Il sole è una sfera di fuoco. Un caldo insopportabile. Come ogni anno la pioggia che avrebbe decretato la fine del caldo sarebbe caduta alle ore 11 e ventidue del primo giorno del tempo termico, quello senza orientazione. Manca poco all’evento e in città una massa di persone, dopo un veloce passaparola, si riunisce nella piazza degli Orologi ad aspettare l’atteso nubifragio. Il sole ha dipinto il cielo come una coperta gialla. Dan non se ne accorge. Scrolla le spalle e non dà importanza ai colori. O meglio non da’ importanza alla faticosa danza della natura e, comunque è troppo eccitato per darsene pensiero. Imbocca la via principale quelle delle vetrine chiuse che porta direttamente alla piazza dell’Orologio e vede, di spalle Dulcamara che si muove con un’eleganza gattopardesca, sinuosa. È eccitante. Dan affretta il passo per raggiungerla e quando è nelle vicinanze si accorge che indossa un cappotto di lana, di quelli che si usano nei periodi di freddo e gelo. “Strano” pensa. Si ferma e in un attimo la perde di vista tra la folla che corre verso la piazza. Solo gli androidi usano i cappotti con il caldo, ma Dulcamara è una terrestre, e che terrestre, con tutti i vantaggi e gli svantaggi di essere costretta a vivere nella sfera più piccola della città. Comunque l’ha persa e con quella calca e quel pigia pigia difficilmente l’avrebbe ritrovata.

Sconsolato si avvia verso la piazza. Ci arriva con lentezza facendosi largo tra gli umani e gli androidi con i cappotti. Nella piazza c’è un campanile, costruito come quelli che decoravano le nostre piccole città della Terra, e in cima due orologi. Uno senza lancette, l’altro con lancette funzionanti. Indicavano le undici e due minuti. Tra venti minuti esatti ci sarebbe stata la pioggia. Dan ha tempo per rintracciare Dulcamara in attesa di una fluttuazione della natura. Si guarda intorno, allunga lo sguardo. Il cappotto che indossa Dulcamara era bianco, un colore insolito per la moda effimera della città e avrebbe potuto agevolare la sua ricerca. Gli androidi preferiscono il blu, il verde e anche il rosso e quasi tutti vestono con questi colori. Il bianco di Dulcamara avrebbe dovuto risaltare. Eppure non riesce a scorgerla. E poi, si chiede, perché il cappotto? Alle undici e ventidue precise il cielo nasconde il giallo del sole con nubi nere e prepotenti, che in un attimo cadono come pioggia sulla piazza dell’Orologio. L’urlo della gente accoglie il cambiamento con allegria. La pioggia torrenziale cade con violenza sui corpi degli umani e sui cappotti degli androidi. Tutti i terrestri completamente nudi, come tradizione, godono dell’onda anomala che li ha raggiunti e le loro fronti brillano come vette innevate. Dulcamara stretta al suo cappotto bianco si bagna i capelli di zafferano d’oro, per poi cercare riparo davanti alle vetrine insieme a un gruppo di androidi.

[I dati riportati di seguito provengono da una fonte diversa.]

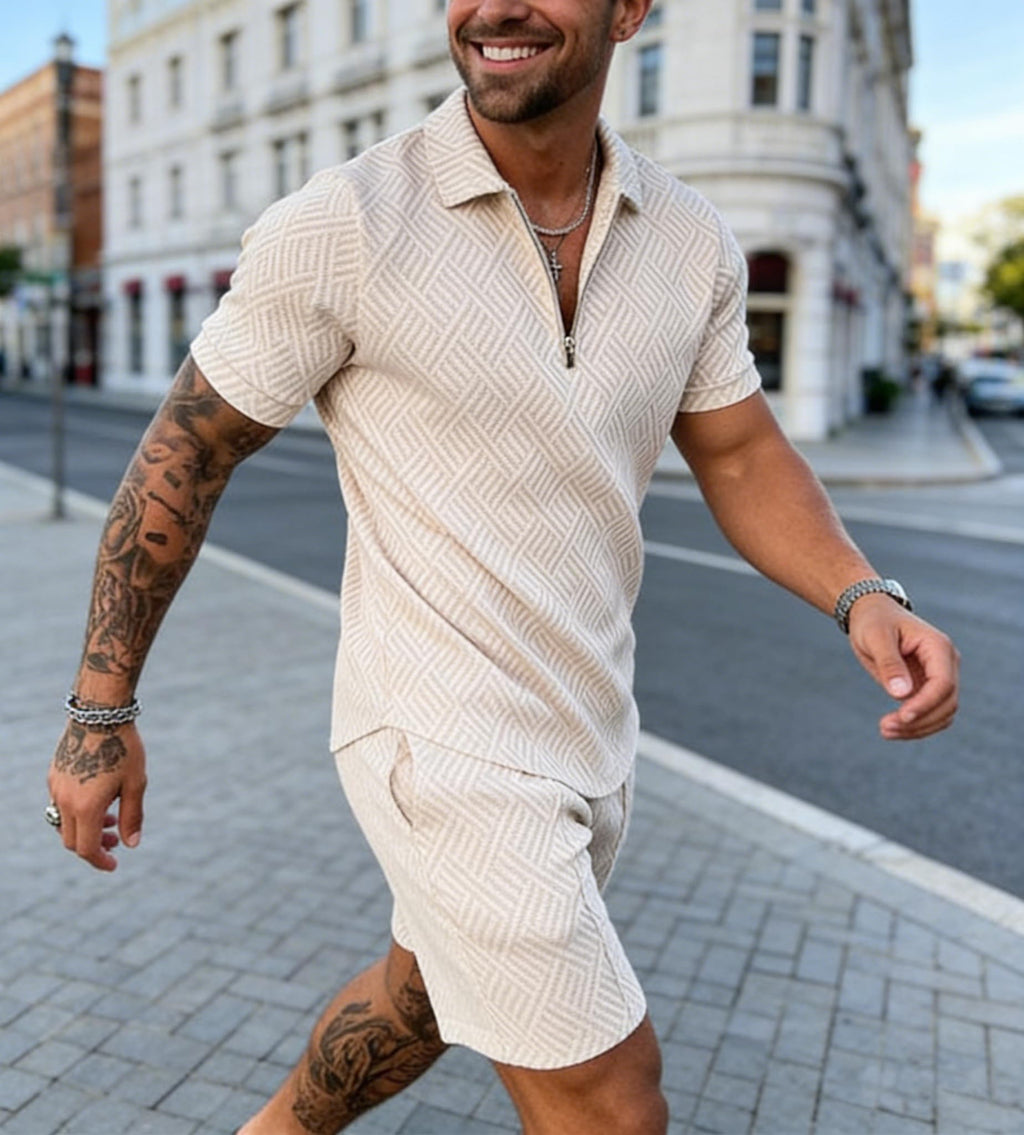 BIRW Army Green Camouflage S Mens Short Sets 2 Piece Outfits Polo Shirt Fashion Summer Tracksuits Casual Set Short Sleeve and Shorts Set for Men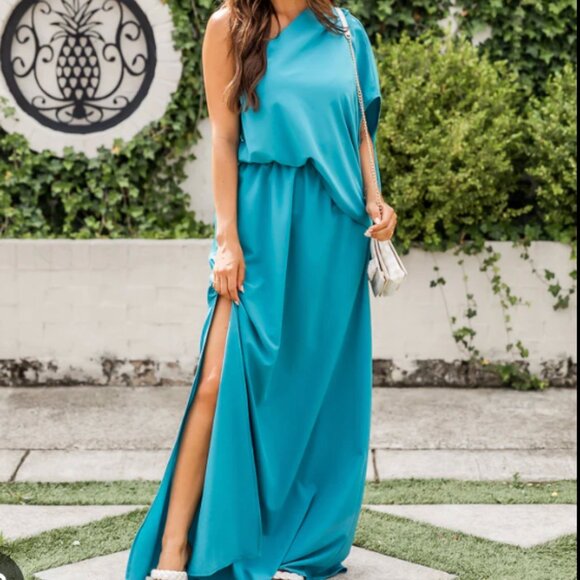 Pink Lily One Shoulder Dress Maxi Size XS Teal Bridesmaid Formal Wedding Guest - Picture 2 of 7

Il cappotto bianco di Dulcamara insospettisce i giovani androidi della generazione che legava i grani di spazio in reti. Appaiono e scompaiono come fossero pazzi e vecchi giochi infantili con qualche filo elettrico fuori uso. In quattro si avvicinano a Dulcamara sospettosi. La circondano. Uno, quello più alto, gira intorno al serbatoio di acqua per andare incontro agli altri tre dall’altra parte. Dulcamara non si accorge di nulla. Ha la testa tra le nuvole. Ha sempre la testa tra le nuvole. Ha il cappotto completamente fradicio. Pesa come un macigno della valle dell’Ovest. Sorride mettendo in mostra denti bianchissimi e un paio di magnifici occhi blu. Sfila il cappotto e lo lascia cadere a terra. Resta completamente nuda. È bellissima. L’androide più alto si blocca e con un cenno avverte il suo gruppo di fare altrettanto. È una terrestre e non va toccata. Ma perché mai indossava un cappotto? si chiede. E per di più bianco. Dulcamara si allontana. I quattro androidi si avvicinano al cappotto bianco. Quello più alto, forse il più coraggioso, lo prende da terra e se lo infila sopra il suo ballando di gioia e sfottendo i suoi compagni che cercano di fermarlo. Alcuni terrestri ormai soddisfatti della caduta della pioggia si fermano a guardare la scena. Alcuni commentano, altri ridono. L’orologio con le lancette segna con un suono il minuto e immediatamente dopo l’androide più alto esplode coinvolgendo il suo gruppo. A terra solo ferraglia infuocata e il cappotto bianco di Dulcamara. L’ennesimo attentato in città.